Under federal immigration law, lawful permanent residents (LPRs) returning from a trip abroad are generally treated as “already admitted.” They walk back into the United States without having to prove their right to be here — because they already earned it. That default protection is written into the Immigration and Nationality Act.
But the INA includes exceptions. If a returning resident has committed certain crimes — including crimes involving moral turpitude (CIMT), which courts have broadly applied to cover fraud, theft, forgery, and violent offenses — they may be reclassified as “seeking admission,” effectively treated the same as a first-time visa applicant at the border.
The question before the Court was narrow but consequential: how much proof must a border officer have, at the moment of reentry, to trigger that reclassification?
The Second Circuit had held that CBP agents needed “clear and convincing evidence” of a qualifying crime before flipping a returning resident into “seeking admission” status. The Supreme Court — in a 6-3 majority opinion authored by Justice Clarence Thomas — reversed that holding entirely.

Who Is Muk Choi Lau, and What Happened to Him?
The case began in 2012. Muk Choi Lau, a Chinese national who had been a lawful permanent resident since 2007, traveled abroad while facing a pending state criminal charge in New Jersey for trademark counterfeiting — selling counterfeit apparel.
When Lau returned to the United States through JFK Airport, CBP officers did not formally admit him. Instead, they confiscated his physical green card, issued him a handwritten I-94 arrival card, and placed him on “immigration parole” — physically allowing him into the country while legally treating him as standing at the border, never admitted.

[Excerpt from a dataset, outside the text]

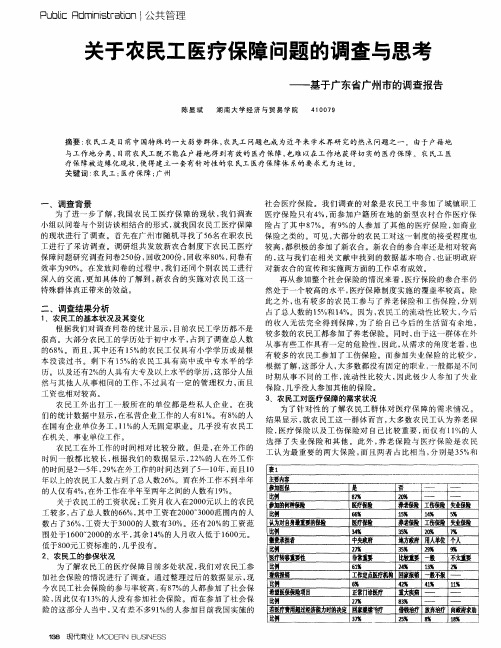 关于农民工医疗保障问题的调查与思考——基于广东省广州市的调查报告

He later pleaded guilty to the counterfeiting charge and was convicted. DHS then placed him in removal proceedings, charging him as an “applicant for admission” who was inadmissible under the INA.
The removal case dragged on for over a decade. Lau, now 69 years old, has been living under that paper receipt as his only proof of status for fourteen years.
What Did the Supreme Court Rule?
Justice Thomas, writing for the six-justice majority, held that nothing in the INA requires border officers to possess clear and convincing evidence before treating a returning resident as an applicant for admission. A charge — even an unproven one — is sufficient to trigger the reclassification at the border stage. The government is then permitted to build its evidentiary case later, during removal proceedings in immigration court.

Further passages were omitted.